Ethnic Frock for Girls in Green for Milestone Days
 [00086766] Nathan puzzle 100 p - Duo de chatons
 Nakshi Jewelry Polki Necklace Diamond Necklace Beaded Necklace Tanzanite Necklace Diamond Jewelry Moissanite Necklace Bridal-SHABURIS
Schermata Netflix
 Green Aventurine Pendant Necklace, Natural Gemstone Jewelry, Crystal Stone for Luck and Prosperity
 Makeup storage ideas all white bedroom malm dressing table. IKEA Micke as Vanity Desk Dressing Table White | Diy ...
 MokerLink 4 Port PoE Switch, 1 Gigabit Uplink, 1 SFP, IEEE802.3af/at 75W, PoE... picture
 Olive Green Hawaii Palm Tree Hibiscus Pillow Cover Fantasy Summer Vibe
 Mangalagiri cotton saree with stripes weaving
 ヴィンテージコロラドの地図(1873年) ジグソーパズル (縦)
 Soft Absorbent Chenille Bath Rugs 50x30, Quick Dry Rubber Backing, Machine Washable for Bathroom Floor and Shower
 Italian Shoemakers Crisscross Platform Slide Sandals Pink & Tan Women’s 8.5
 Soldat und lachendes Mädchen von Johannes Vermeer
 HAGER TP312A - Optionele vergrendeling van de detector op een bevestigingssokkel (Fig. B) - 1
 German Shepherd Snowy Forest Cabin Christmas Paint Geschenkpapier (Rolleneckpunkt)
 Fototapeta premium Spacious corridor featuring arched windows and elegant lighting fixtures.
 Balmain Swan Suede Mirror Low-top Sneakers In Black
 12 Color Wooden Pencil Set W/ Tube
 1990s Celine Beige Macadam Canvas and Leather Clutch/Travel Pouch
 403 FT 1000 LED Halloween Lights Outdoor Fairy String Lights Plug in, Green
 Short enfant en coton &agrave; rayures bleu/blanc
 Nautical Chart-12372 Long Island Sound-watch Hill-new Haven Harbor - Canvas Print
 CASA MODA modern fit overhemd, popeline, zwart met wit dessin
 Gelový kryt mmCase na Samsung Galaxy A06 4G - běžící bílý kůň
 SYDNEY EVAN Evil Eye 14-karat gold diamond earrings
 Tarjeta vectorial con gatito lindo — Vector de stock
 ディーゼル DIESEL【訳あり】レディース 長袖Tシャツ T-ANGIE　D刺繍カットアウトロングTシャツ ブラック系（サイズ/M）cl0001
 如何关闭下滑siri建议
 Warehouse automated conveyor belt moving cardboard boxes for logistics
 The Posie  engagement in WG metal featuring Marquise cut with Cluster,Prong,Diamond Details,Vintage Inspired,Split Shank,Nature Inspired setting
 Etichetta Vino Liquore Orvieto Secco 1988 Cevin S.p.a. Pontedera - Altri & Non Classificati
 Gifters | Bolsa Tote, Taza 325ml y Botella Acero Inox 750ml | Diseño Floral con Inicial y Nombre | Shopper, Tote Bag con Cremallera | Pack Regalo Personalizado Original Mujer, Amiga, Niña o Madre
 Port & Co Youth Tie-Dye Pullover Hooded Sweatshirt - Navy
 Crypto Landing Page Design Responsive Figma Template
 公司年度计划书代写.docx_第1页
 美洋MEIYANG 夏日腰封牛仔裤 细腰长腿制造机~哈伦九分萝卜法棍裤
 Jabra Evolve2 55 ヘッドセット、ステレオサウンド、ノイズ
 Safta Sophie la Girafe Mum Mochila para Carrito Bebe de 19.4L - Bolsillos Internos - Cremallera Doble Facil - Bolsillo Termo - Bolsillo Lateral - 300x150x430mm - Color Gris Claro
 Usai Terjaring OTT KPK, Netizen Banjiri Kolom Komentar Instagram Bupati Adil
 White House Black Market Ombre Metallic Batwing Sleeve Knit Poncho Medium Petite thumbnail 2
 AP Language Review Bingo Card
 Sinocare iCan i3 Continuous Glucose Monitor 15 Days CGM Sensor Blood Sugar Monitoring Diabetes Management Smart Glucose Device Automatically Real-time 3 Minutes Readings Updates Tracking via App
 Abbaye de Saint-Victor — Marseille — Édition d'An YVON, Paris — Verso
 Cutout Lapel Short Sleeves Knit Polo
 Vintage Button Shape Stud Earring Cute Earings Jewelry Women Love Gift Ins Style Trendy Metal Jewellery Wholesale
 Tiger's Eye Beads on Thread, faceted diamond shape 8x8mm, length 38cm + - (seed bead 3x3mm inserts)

○ ○ ○ ○ ○ ○ ○

■ WHAT TO WORK ON ■
Taking the line containing "Cutout Lapel Short Sleeves Knit Polo" as the first, please return it and every line after it through the end of the entries, exactly and only those.

■ ANSWER ■
 Cutout Lapel Short Sleeves Knit Polo
 Vintage Button Shape Stud Earring Cute Earings Jewelry Women Love Gift Ins Style Trendy Metal Jewellery Wholesale
 Tiger's Eye Beads on Thread, faceted diamond shape 8x8mm, length 38cm + - (seed bead 3x3mm inserts)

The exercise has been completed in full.